# Websites...



## SDNess (Jan 29, 2004)

What are good websites for sf/f news?


----------



## dwndrgn (Jan 29, 2004)

I'm actually very bad with that type of thing but I googled sci fi news and got this website:


http://www.locusmag.com/

and this one:

http://www.sfsite.com/home.htm

and some more:

http://www.computercrowsnest.com/

http://speculativevision.com/

[edited out sffworld!]

Those should keep you busy for a while! Have fun.


----------



## Brian G Turner (Jan 29, 2004)

Sorry, *dwndrgn* - I had to edit out sffworld - used to post on the form there, but after 300 posts I asked for reviews for alternative-worlds, and was censored on the grounds that I was promoting a rival! Also - there were reports in their feedback form that the home URL was, or still is, installing adware/spyware on user machines. I therefore don;t rate the place very highly at all.

As for the original request for SFF news - I can assure you that you are about to see one here - I'm still in the process of setting up chronicles-network.co.uk - which will deliver this exactly. 

I'm also going to set up a new board here where people can suggest news they've heard of, that I can explore further and bring in-depth reports on (or, in fact, other members - should they wish). 

I expect to be fully finished by about February 13th/14th.


----------



## dwndrgn (Jan 29, 2004)

No problem - I understand completely. I just listed the first few searches that came up on Google without really checking them out, so I apologize for making you edit me .

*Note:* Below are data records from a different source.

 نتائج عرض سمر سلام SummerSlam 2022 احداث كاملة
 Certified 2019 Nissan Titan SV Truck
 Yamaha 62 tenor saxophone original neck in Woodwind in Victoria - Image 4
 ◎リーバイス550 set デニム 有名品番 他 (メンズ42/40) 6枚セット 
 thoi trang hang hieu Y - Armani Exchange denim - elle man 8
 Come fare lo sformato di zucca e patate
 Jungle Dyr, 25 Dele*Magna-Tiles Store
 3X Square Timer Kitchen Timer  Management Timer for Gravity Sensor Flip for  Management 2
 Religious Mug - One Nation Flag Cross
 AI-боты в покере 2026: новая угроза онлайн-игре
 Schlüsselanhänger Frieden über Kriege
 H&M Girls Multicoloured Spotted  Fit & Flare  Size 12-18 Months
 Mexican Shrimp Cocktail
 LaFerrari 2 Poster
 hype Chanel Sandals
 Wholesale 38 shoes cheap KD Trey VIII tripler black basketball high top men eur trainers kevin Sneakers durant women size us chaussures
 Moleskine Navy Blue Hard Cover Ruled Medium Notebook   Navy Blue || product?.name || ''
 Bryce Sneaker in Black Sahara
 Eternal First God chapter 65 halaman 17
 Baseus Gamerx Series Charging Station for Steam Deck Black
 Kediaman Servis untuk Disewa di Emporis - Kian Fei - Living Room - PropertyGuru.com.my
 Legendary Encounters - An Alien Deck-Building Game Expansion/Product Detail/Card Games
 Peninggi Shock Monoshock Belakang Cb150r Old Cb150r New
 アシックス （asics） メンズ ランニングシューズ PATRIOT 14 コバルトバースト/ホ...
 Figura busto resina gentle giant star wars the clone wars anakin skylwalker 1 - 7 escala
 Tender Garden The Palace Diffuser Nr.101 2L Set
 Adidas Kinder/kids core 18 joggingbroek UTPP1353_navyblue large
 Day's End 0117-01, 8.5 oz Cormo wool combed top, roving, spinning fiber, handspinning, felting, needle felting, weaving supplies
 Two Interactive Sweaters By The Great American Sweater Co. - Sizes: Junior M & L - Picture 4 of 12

Oh and the news thing sounds great!  I usually hear everything way late in the game so I probably wouldn't be too much help (unless I actually got off of my large buns and did some research myself!) but whatever I can do, just let me know.  In the past couple of days I've actually posted some rumors and such that I figured might be interesting to the members here and I suppose that type of stuff would do well in it's own little spot in the forum.


----------



## Brian G Turner (Jan 29, 2004)

No problem - and apologies if it seemed invasive. 

Hopefully Google will soon list the new section of the chronicles-network for news as well - when it's launhed.


----------



## Jayaprakash Satyamurthy (Jan 30, 2004)

Another site that I often visit for SF/fantasy news and reviews: http://www.thealienonline.net


----------